Supplied material START

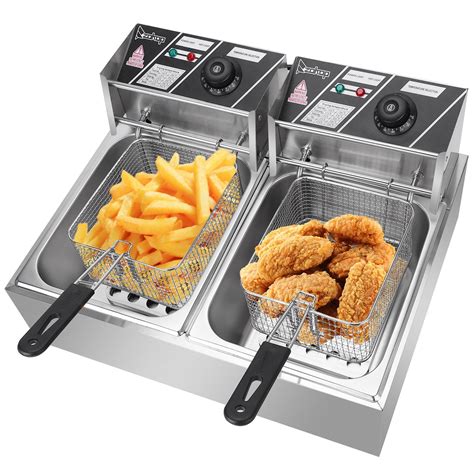 5000W 20L Electric Deep Fryer Stainless Steel Single Large Tank Basket ...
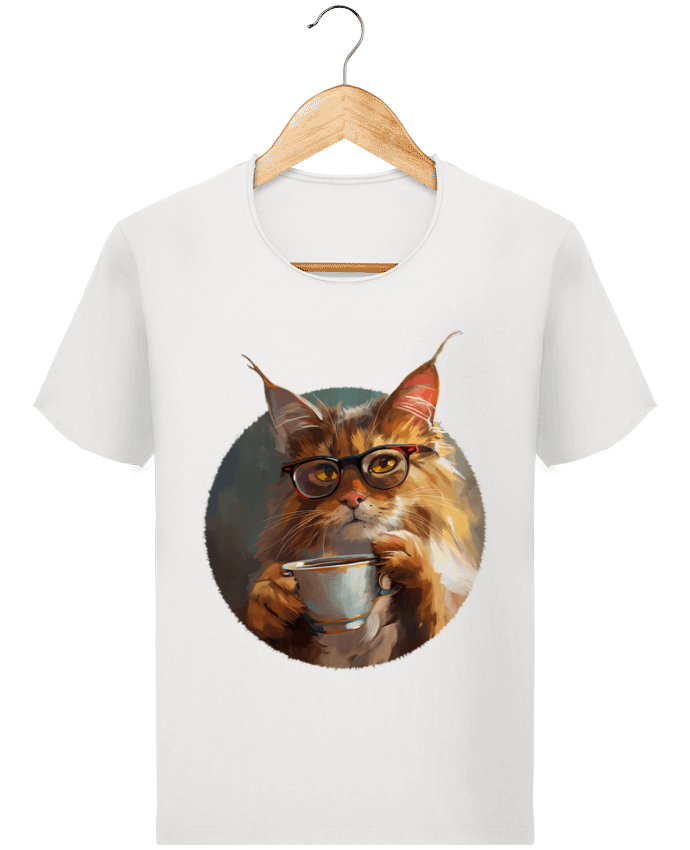  T-shirt Homme vintage Illustration de Chat avec sa tasse de café par KronoArt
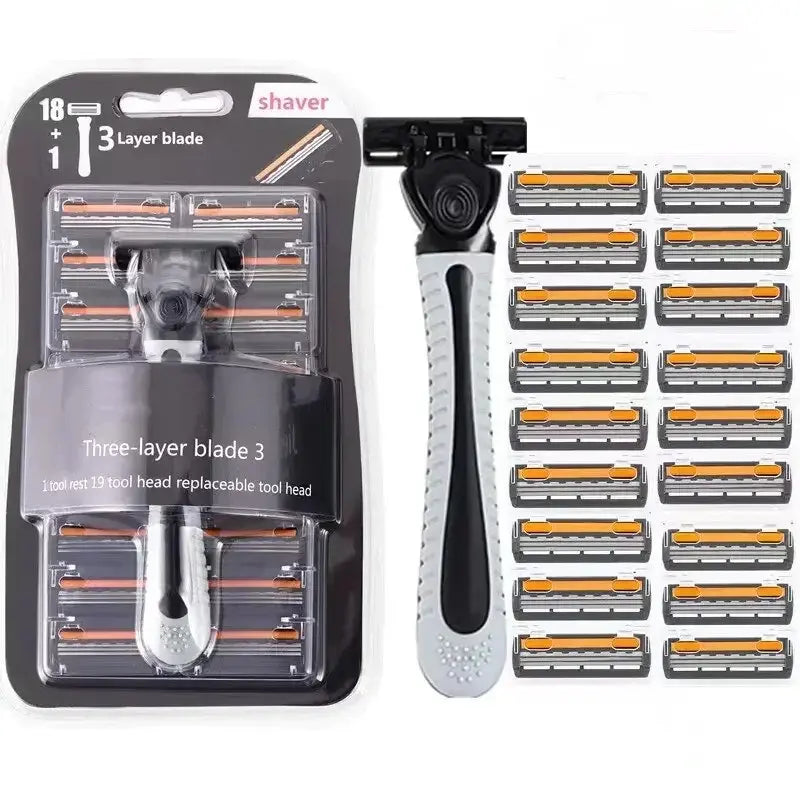 Reusable Razor with 3 Layer Blades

Supplied material END

Work to be completed> Return the material as it stands. Leave out the pictures.

Response to the exercise>
 5000W 20L Electric Deep Fryer Stainless Steel Single Large Tank Basket ...
  T-shirt Homme vintage Illustration de Chat avec sa tasse de café par KronoArt
 Reusable Razor with 3 Layer Blades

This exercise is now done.